__About this exercise__
Go to the line holding "AVENE SET HYALURON" in the data below and repeat it exactly, then each line after it up to and including the one holding "Midnight Black Metallic". Omit pictures.

__Input__
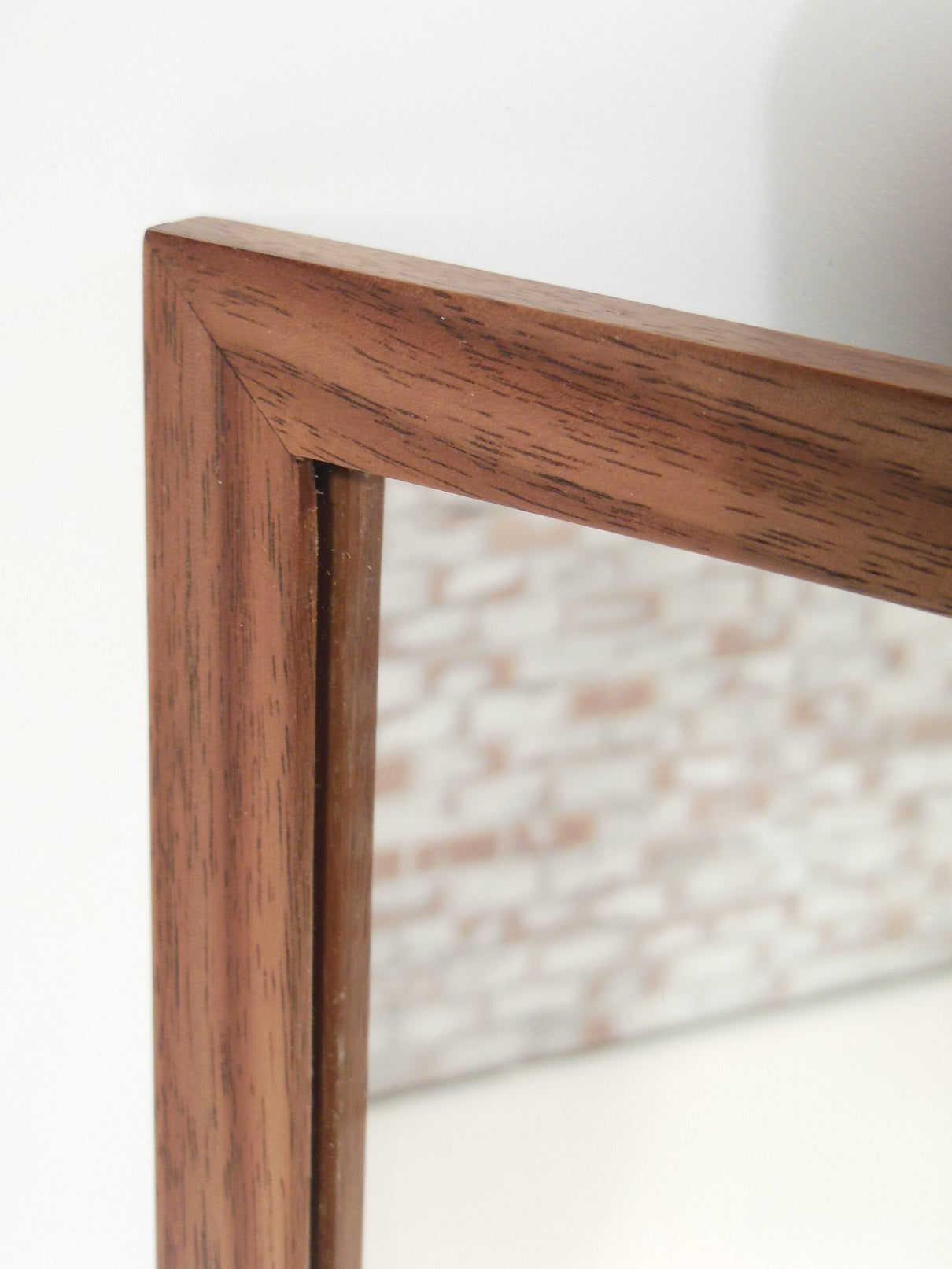 Walnut Framed Floor Mirror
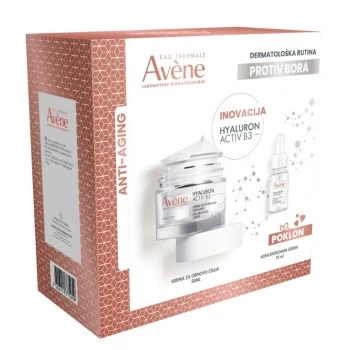 AVENE SET HYALURON ACTIV B3 KREMA 50ML +  HYALURON ACTIV B3 SERUM 10ML GRATIS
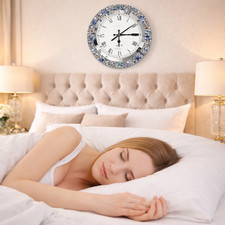 30cm Wall Clock Sparkle Design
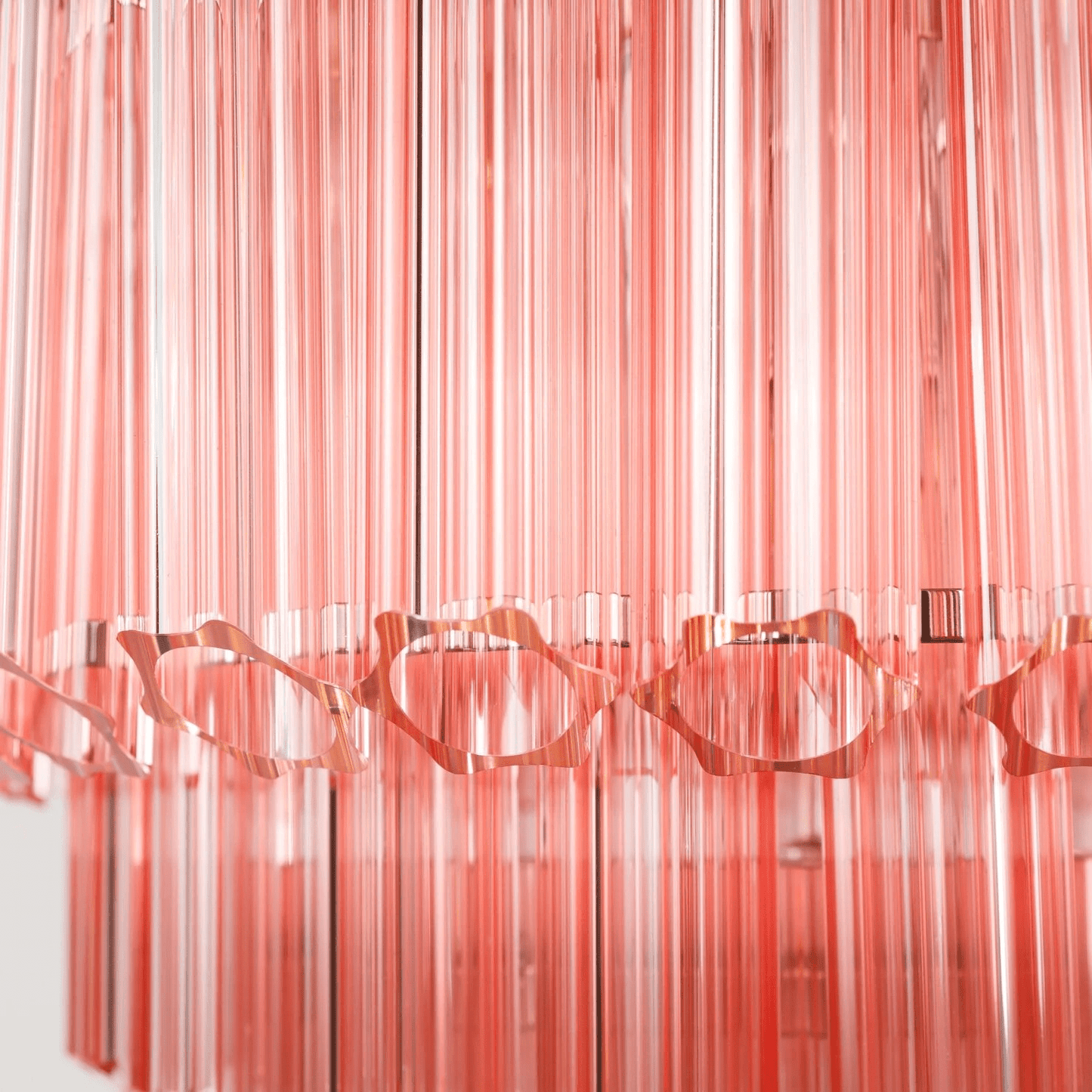 Pink Palermo Murano Chandelier - YIOSI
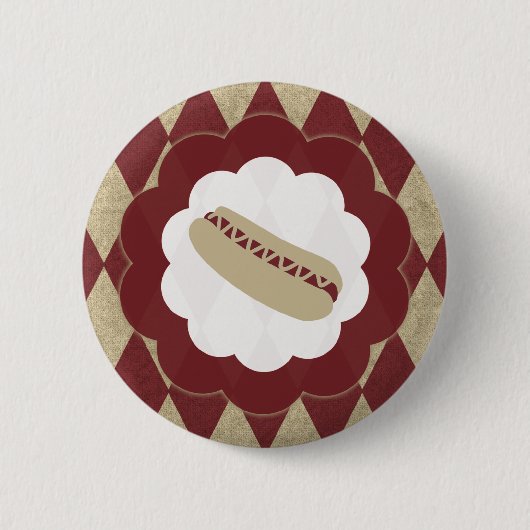 Hot Dog Diamanten Button (Vorderseite)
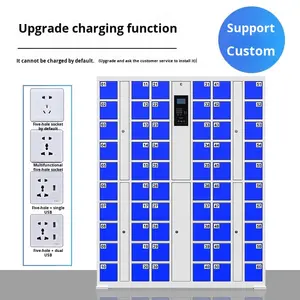 ארון טעינה אחסון טלפון חכם עיצוב פלדה מודרני עם חלון שקוף עבור קניונים ארגוניים בתי ספר - Product Image 4
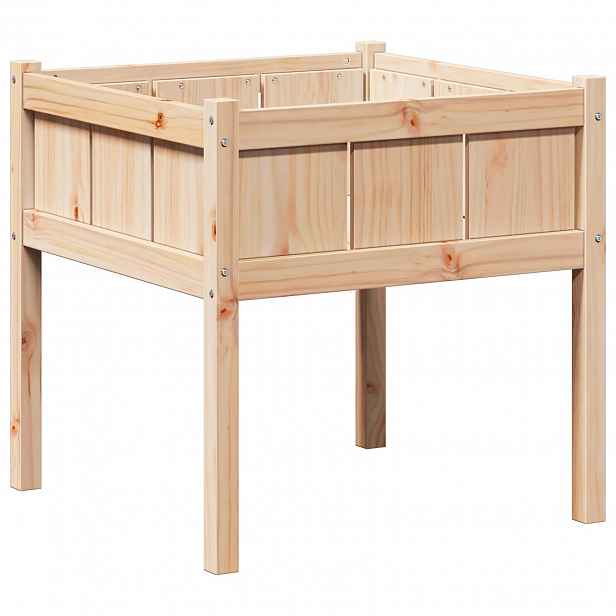 vidaXL Zahradní pěstebník Příroda 70 x 70 x 70 cm Masivní borové dřevo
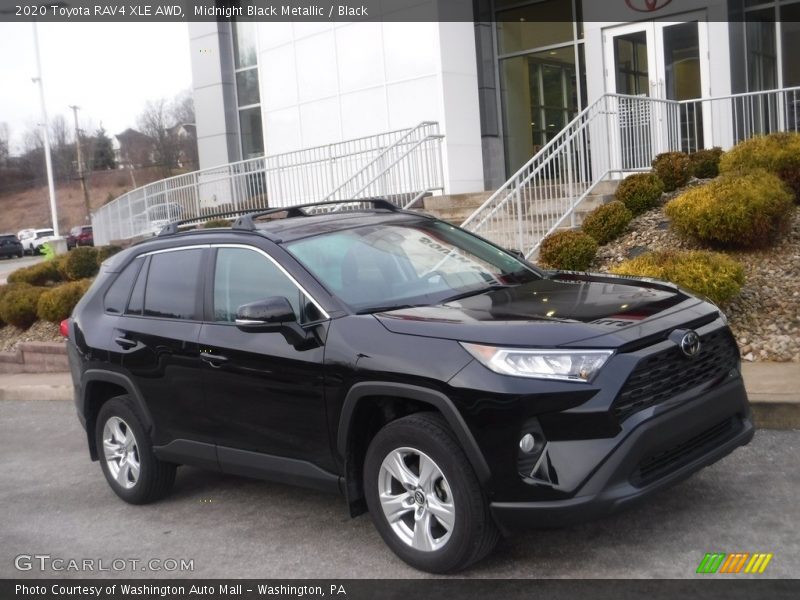 Midnight Black Metallic / Black 2020 Toyota RAV4 XLE AWD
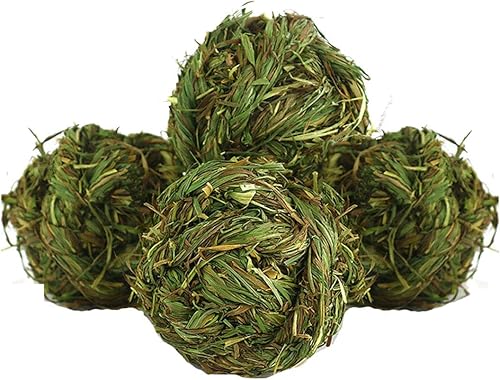 Miniatura 14 de Pelota masticable de conejo Timothy Grass Molienda de animales pequeños, juguetes masticables para conejos, conejos, hámster, cobayas, jerbos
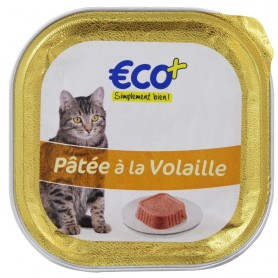 Pâtée à la Volaille pour chat - ECO+ - 100g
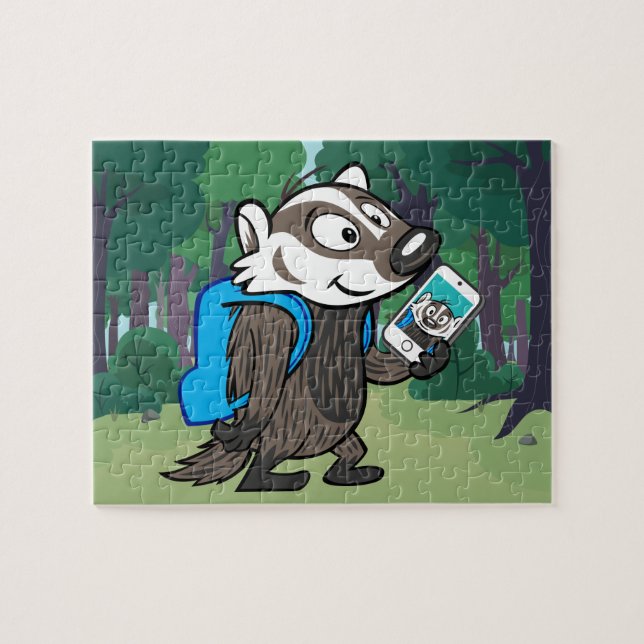 Puzzle Blaireau Selfie de boomer du raton laveur | de (Horizontal)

__Expected output__
 AVENE SET HYALURON ACTIV B3 KREMA 50ML +  HYALURON ACTIV B3 SERUM 10ML GRATIS
 30cm Wall Clock Sparkle Design
 Pink Palermo Murano Chandelier - YIOSI
 Hot Dog Diamanten Button (Vorderseite)
 ארון טעינה אחסון טלפון חכם עיצוב פלדה מודרני עם חלון שקוף עבור קניונים ארגוניים בתי ספר - Product Image 4
 vidaXL Zahradní pěstebník Příroda 70 x 70 x 70 cm Masivní borové dřevo
 Midnight Black Metallic / Black 2020 Toyota RAV4 XLE AWD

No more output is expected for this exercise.